*TASK PROMPT:*
All entries below are to be set down again, identical to the source.

*PROVIDED ENTRIES:*
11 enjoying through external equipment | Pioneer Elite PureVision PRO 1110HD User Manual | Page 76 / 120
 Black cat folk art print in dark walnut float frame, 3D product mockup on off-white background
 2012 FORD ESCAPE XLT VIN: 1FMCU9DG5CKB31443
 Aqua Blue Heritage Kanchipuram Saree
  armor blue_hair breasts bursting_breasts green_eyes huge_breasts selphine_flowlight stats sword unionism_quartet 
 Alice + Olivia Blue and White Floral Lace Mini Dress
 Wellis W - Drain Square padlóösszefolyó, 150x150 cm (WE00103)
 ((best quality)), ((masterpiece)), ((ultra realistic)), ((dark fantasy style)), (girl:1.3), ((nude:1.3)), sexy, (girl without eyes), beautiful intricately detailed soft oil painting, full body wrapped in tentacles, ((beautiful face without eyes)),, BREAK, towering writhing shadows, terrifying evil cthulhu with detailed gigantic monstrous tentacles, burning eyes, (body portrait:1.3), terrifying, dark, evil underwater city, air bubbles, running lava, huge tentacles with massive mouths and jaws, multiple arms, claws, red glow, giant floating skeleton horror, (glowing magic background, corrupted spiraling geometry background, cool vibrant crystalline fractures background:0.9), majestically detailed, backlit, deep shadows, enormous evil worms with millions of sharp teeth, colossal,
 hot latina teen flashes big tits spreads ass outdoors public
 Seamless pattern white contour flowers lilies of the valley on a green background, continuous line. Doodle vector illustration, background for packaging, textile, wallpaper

*REPLY TO THE EXERCISE:*
11 enjoying through external equipment | Pioneer Elite PureVision PRO 1110HD User Manual | Page 76 / 120
 Black cat folk art print in dark walnut float frame, 3D product mockup on off-white background
 2012 FORD ESCAPE XLT VIN: 1FMCU9DG5CKB31443
 Aqua Blue Heritage Kanchipuram Saree
  armor blue_hair breasts bursting_breasts green_eyes huge_breasts selphine_flowlight stats sword unionism_quartet 
 Alice + Olivia Blue and White Floral Lace Mini Dress
 Wellis W - Drain Square padlóösszefolyó, 150x150 cm (WE00103)
 ((best quality)), ((masterpiece)), ((ultra realistic)), ((dark fantasy style)), (girl:1.3), ((nude:1.3)), sexy, (girl without eyes), beautiful intricately detailed soft oil painting, full body wrapped in tentacles, ((beautiful face without eyes)),, BREAK, towering writhing shadows, terrifying evil cthulhu with detailed gigantic monstrous tentacles, burning eyes, (body portrait:1.3), terrifying, dark, evil underwater city, air bubbles, running lava, huge tentacles with massive mouths and jaws, multiple arms, claws, red glow, giant floating skeleton horror, (glowing magic background, corrupted spiraling geometry background, cool vibrant crystalline fractures background:0.9), majestically detailed, backlit, deep shadows, enormous evil worms with millions of sharp teeth, colossal,
 hot latina teen flashes big tits spreads ass outdoors public
 Seamless pattern white contour flowers lilies of the valley on a green background, continuous line. Doodle vector illustration, background for packaging, textile, wallpaper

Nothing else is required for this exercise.